Hopkins held back, continuing the professional discipline he showed all night, and waited for the unlikely result to be official. It was like a well-worn horseplayer watching the payoff on the tote board before heading to the betting window.

All judges favored Hopkins an accurate 118-109. With his thumping triumph, “The Executioner” can cash in on history.

Forty-one-year-old Hopkins, now 47-4-1 (32), made a late delivery of his promise to retire, but if he does hang up the gloves he couldn’t go out in much more impressive fashion.

“I told people they’d be surprised,” said an unmarked Hopkins. “I knew I could fight at this weight five or six years ago."

“Sometimes you wake up and it’s just not your day,” mused Tarver in a monotone. “I was flat. I saw openings but I was a step too late every time. Bernard had a great game plan and he stuck to it.”

Tarver promised to send Hopkins packing into retirement with an unpleasant taste in a bloody mouth. Instead, Hopkins kept an unstained grin and it was Tarver, 37, who sounded like he’d had enough.

Tarver, the consensus Light Heavyweight Champion, bet $250,000 for charity that Hopkins would be overwhelmed within six rounds.

Quite the opposite occurred.
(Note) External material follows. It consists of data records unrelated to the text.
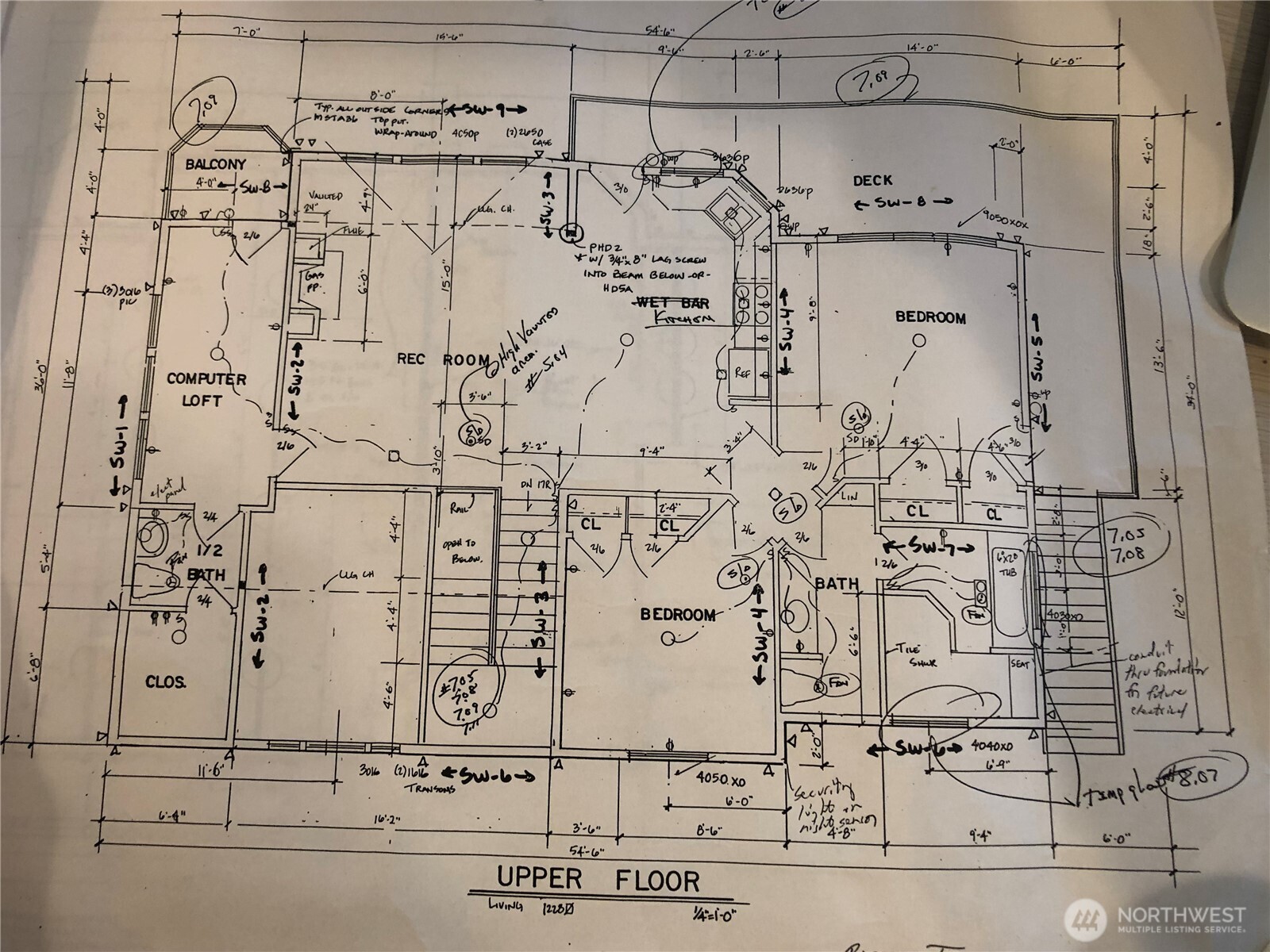 main property photo 29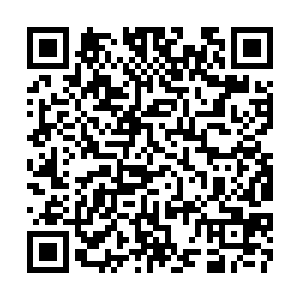 qrcode: https://bfhc94hshc.d.qercan.com/qrcode/load.html?key=ngQx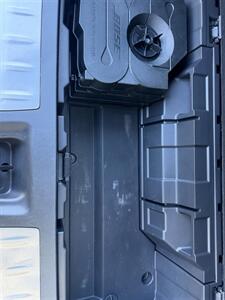 2015 INFINITI QX60   - Photo 14 - Tarzana, CA 91356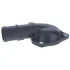 Фланець системи охолодження VW T4 2.8 VR6 95-03 MOTORAD CH9951 (фото 6)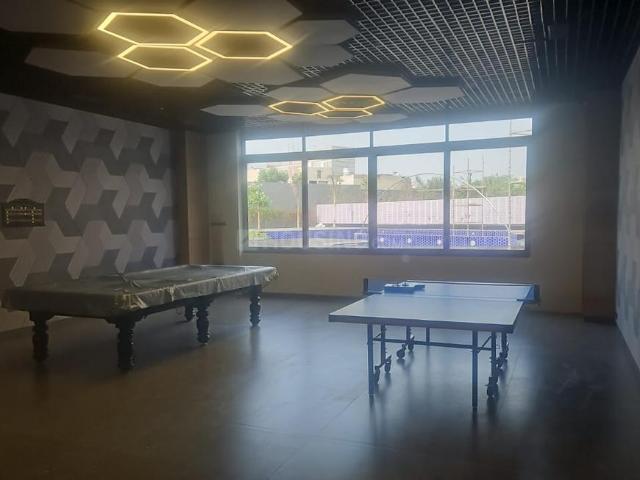 3 BHK Apartment in Sector 69 for resale Gurgaon. The reference number is 20781150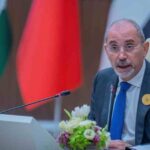 urdunlu yetkili netanyahunun ne istedigini acikladi ygDcZlBi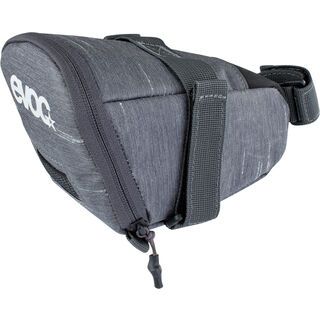 Evoc Seat Bag Tour L carbon grey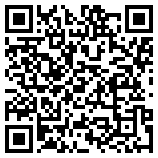 QR Code for James e Stein CPA in Standish, MI 48658
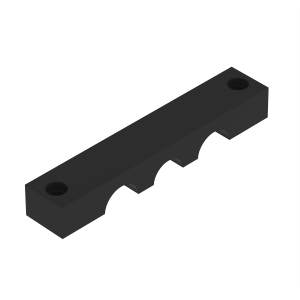 Hose Clamp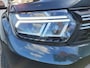 Dacia Duster 1.0 TCe 100 ECO-G Extreme | Hoge Zit | Navigatie | 360° Camera | Climate Control | Dode Hoek Detectie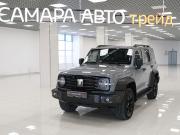 Tank 300 I Самара  - изображение 24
By the fight’s halfway point, a confused, backpedaling Tarver needed a knockout to win.

Both men came in at an official weight of 174. Each boxer’s personal mass and density offered unclear clues as to what might transpire. As the one-sided match unfolded, it was Hopkins who carried the meaningful muscle.

Whether or not Tarver ever reached an often reported girth of around 220 pounds during filming of Rocky Balboa was never verified, but considerable added weight on Tarver was obvious to anyone who saw him around that time period.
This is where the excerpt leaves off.